Clearview AI ruled ‘illegal’ by Canadian privacy authorities

Controversial facial recognition startup Clearview AI violated Canadian privacy laws when it collected photos of Canadians without their knowledge or permission, the country’s top privacy watchdog has ruled.

The New York-based company made its splashy newspaper debut a year ago by claiming it had collected over 3 billion photos of people’s faces and touting its connections to law enforcement and police departments. But the startup has faced a slew of criticism for scraping social media sites also without their permission, prompting Facebook, LinkedIn and Twitter to send cease and desist letters to demand it stops.

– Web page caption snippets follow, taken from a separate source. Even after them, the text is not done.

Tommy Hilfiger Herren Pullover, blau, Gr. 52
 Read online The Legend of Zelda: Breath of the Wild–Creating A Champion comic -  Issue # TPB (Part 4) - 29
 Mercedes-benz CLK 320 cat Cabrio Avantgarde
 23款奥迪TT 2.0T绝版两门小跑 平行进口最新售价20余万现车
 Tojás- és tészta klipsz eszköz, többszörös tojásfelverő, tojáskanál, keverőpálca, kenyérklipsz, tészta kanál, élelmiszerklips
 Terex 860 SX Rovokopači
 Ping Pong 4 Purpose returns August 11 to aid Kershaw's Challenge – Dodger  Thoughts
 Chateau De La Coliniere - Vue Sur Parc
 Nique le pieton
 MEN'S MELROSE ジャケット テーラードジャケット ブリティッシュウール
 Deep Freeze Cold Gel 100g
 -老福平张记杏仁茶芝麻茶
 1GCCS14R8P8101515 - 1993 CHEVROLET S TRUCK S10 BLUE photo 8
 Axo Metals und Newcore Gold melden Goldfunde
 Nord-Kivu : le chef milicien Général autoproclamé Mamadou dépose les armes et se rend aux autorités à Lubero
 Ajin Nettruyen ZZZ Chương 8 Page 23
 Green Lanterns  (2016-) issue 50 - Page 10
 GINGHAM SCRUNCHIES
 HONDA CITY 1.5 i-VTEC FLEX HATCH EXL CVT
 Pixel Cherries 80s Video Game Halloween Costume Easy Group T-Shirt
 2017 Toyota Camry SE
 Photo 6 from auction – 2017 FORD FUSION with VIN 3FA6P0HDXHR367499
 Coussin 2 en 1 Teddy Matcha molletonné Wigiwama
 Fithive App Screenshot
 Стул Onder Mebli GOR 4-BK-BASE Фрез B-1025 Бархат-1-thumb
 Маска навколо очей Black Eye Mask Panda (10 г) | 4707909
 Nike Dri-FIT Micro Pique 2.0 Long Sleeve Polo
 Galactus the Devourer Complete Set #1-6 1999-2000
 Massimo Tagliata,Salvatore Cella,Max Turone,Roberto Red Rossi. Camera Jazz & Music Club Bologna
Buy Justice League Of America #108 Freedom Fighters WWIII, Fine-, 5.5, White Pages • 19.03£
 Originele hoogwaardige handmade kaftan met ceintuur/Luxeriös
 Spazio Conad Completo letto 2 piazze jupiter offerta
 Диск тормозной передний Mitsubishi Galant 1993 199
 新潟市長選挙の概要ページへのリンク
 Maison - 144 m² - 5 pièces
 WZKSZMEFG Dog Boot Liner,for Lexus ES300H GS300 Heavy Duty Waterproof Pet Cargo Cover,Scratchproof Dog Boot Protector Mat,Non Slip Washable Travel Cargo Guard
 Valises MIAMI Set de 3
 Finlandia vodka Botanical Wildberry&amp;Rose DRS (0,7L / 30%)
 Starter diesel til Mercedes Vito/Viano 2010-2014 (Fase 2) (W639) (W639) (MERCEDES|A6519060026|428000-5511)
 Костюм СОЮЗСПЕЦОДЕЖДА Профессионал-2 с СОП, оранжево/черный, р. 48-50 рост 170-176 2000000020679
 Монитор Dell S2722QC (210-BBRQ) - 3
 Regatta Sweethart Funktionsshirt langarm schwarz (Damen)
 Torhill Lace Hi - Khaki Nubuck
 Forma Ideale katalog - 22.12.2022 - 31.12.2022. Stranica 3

In a statement, Canada’s Office of the Privacy Commissioner said its investigation found Clearview had “collected highly sensitive biometric information without the knowledge or consent of individuals,” and that the startup “collected, used and disclosed Canadians’ personal information for inappropriate purposes, which cannot be rendered appropriate via consent.”

Clearview rebuffed the allegations, claiming Canada’s privacy laws do not apply because the company doesn’t have a “real and substantial connection” to the country, and that consent was not required because the images it scraped were publicly available.

That’s a challenge the company continues to face in court, as it faces a class action suit citing Illinois’ biometric protection laws that last year dinged Facebook to the tune of $550 million for violating the same law.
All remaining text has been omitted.